Heat flux over boundary

Hey,

I have a heat equation and want to calculate the heat flux over a single boundary (in this example the right boundary) after every time-step.

I want to calculate the heat-flux over the (right) boundary by assembling

G = (inner((unew - uold)/dt, vtest)*dx + inner(grad(unew), grad(vtest))*dx),

rather than calculating grad(unew)*n, since this lacks the time-dependency.

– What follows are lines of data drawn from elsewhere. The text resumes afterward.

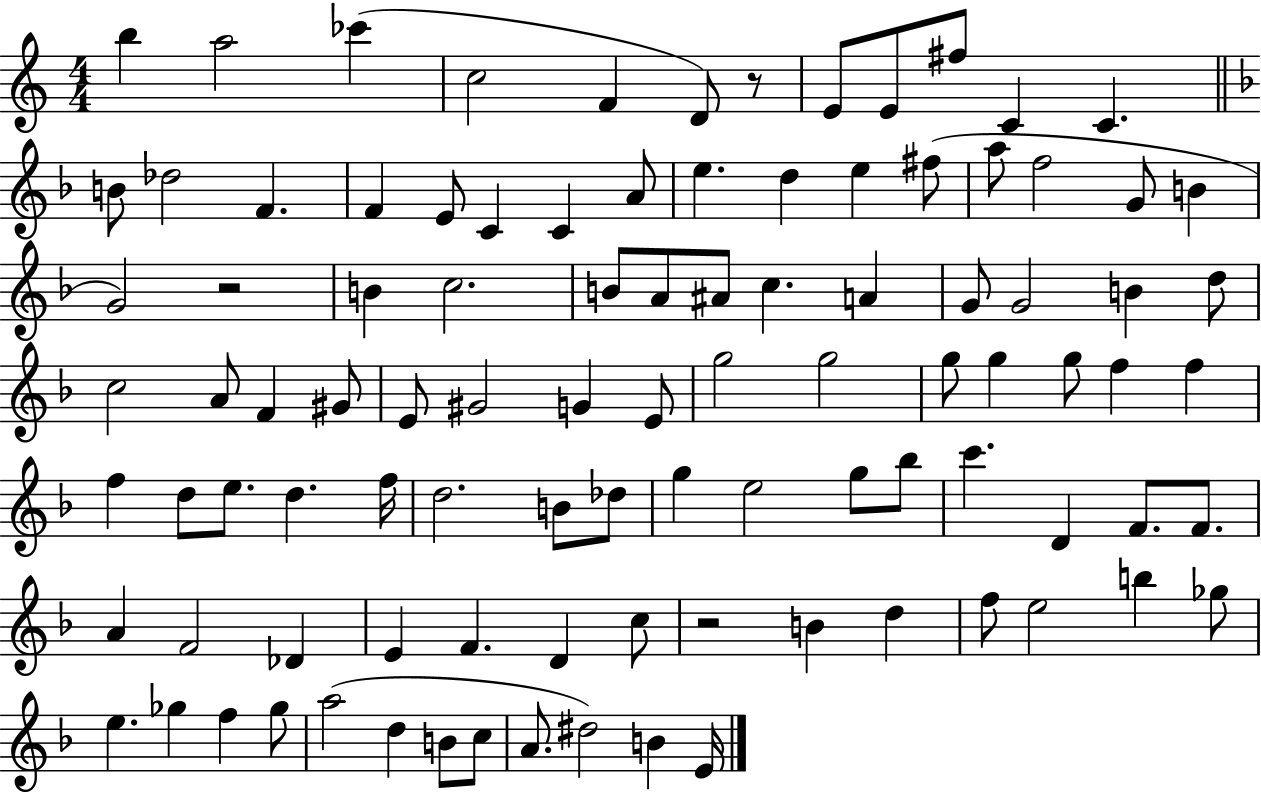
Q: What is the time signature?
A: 4/4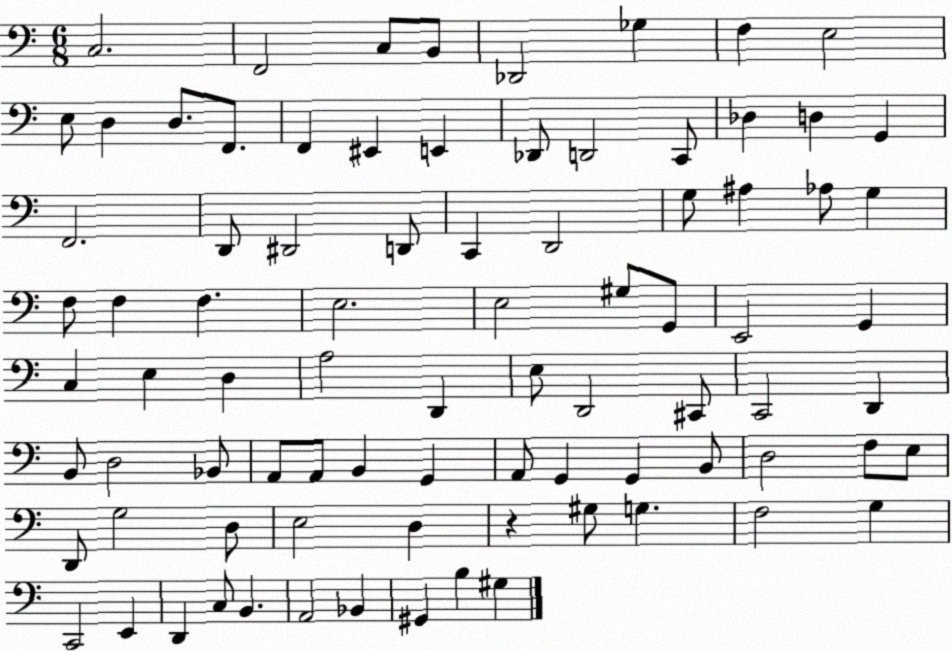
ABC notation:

X:1
T:Untitled
M:6/8
L:1/4
K:C
C,2 F,,2 C,/2 B,,/2 _D,,2 _G, F, E,2 E,/2 D, D,/2 F,,/2 F,, ^E,, E,, _D,,/2 D,,2 C,,/2 _D, D, G,, F,,2 D,,/2 ^D,,2 D,,/2 C,, D,,2 G,/2 ^A, _A,/2 G, F,/2 F, F, E,2 E,2 ^G,/2 G,,/2 E,,2 G,, C, E, D, A,2 D,, E,/2 D,,2 ^C,,/2 C,,2 D,, B,,/2 D,2 _B,,/2 A,,/2 A,,/2 B,, G,, A,,/2 G,, G,, B,,/2 D,2 F,/2 E,/2 D,,/2 G,2 D,/2 E,2 D, z ^G,/2 G, F,2 G, C,,2 E,, D,, C,/2 B,, A,,2 _B,, ^G,, B, ^G,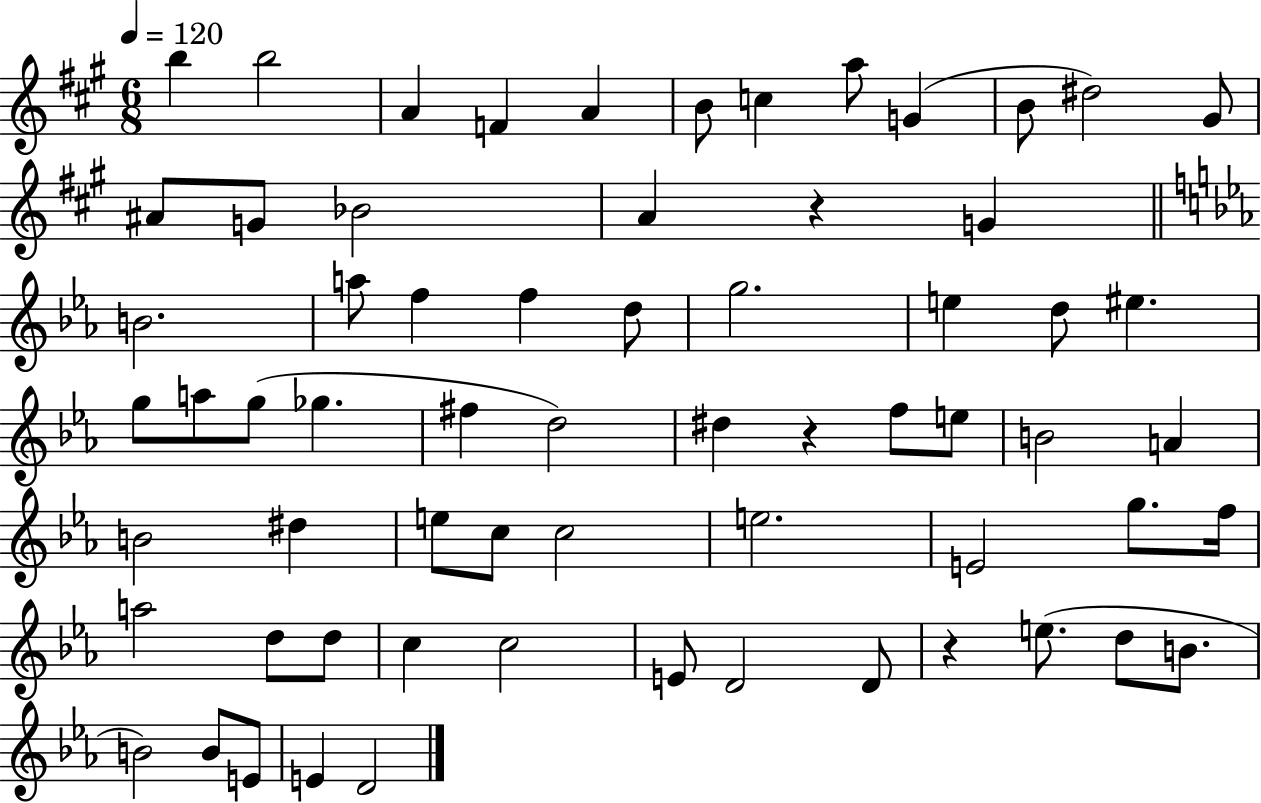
X:1
T:Untitled
M:6/8
L:1/4
K:A
b b2 A F A B/2 c a/2 G B/2 ^d2 ^G/2 ^A/2 G/2 _B2 A z G B2 a/2 f f d/2 g2 e d/2 ^e g/2 a/2 g/2 _g ^f d2 ^d z f/2 e/2 B2 A B2 ^d e/2 c/2 c2 e2 E2 g/2 f/4 a2 d/2 d/2 c c2 E/2 D2 D/2 z e/2 d/2 B/2 B2 B/2 E/2 E D2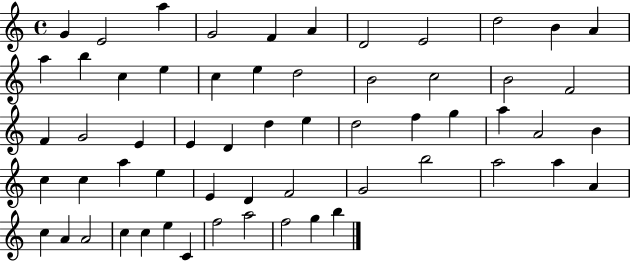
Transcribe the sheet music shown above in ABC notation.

X:1
T:Untitled
M:4/4
L:1/4
K:C
G E2 a G2 F A D2 E2 d2 B A a b c e c e d2 B2 c2 B2 F2 F G2 E E D d e d2 f g a A2 B c c a e E D F2 G2 b2 a2 a A c A A2 c c e C f2 a2 f2 g b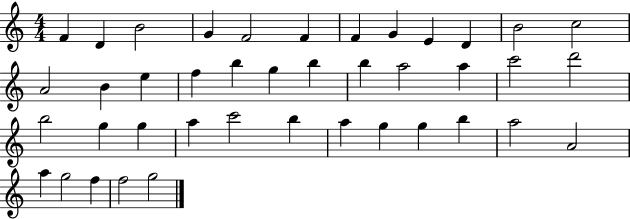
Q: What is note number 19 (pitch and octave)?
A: B5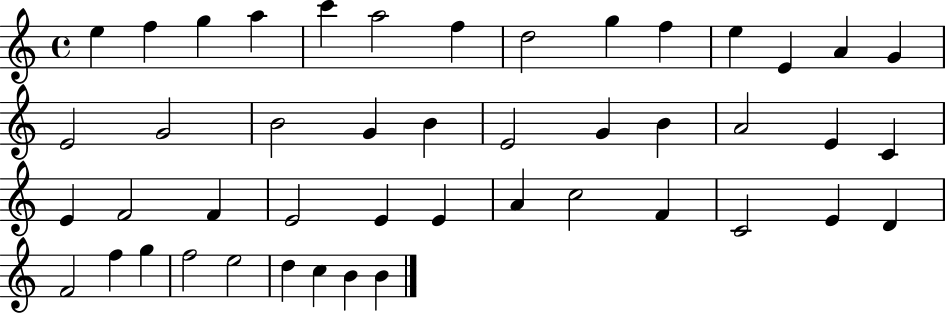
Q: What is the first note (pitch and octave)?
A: E5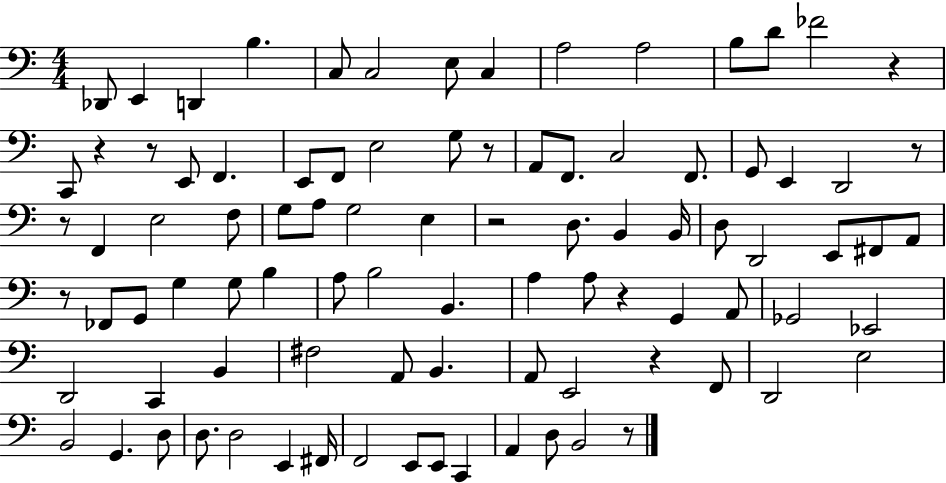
X:1
T:Untitled
M:4/4
L:1/4
K:C
_D,,/2 E,, D,, B, C,/2 C,2 E,/2 C, A,2 A,2 B,/2 D/2 _F2 z C,,/2 z z/2 E,,/2 F,, E,,/2 F,,/2 E,2 G,/2 z/2 A,,/2 F,,/2 C,2 F,,/2 G,,/2 E,, D,,2 z/2 z/2 F,, E,2 F,/2 G,/2 A,/2 G,2 E, z2 D,/2 B,, B,,/4 D,/2 D,,2 E,,/2 ^F,,/2 A,,/2 z/2 _F,,/2 G,,/2 G, G,/2 B, A,/2 B,2 B,, A, A,/2 z G,, A,,/2 _G,,2 _E,,2 D,,2 C,, B,, ^F,2 A,,/2 B,, A,,/2 E,,2 z F,,/2 D,,2 E,2 B,,2 G,, D,/2 D,/2 D,2 E,, ^F,,/4 F,,2 E,,/2 E,,/2 C,, A,, D,/2 B,,2 z/2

The final goal is to have a vector that evaluates the heat-flux over the boundary in a set of points, which I currently do via

x = Function(V)
x.vector()[:] = assemble(G)
y = np.array([x(1, i*dxx) for i in range(N+1)]).

This does work, but it seems like a computational overkill (the assembly over the whole domain) and I would like to reduce this, since this flux computation needs to be done very many times.

I tried to define a suitable subdomain and measure to reduce the region over which G is assembled, but this does not appear to reduce computational time, it is actually a little slower.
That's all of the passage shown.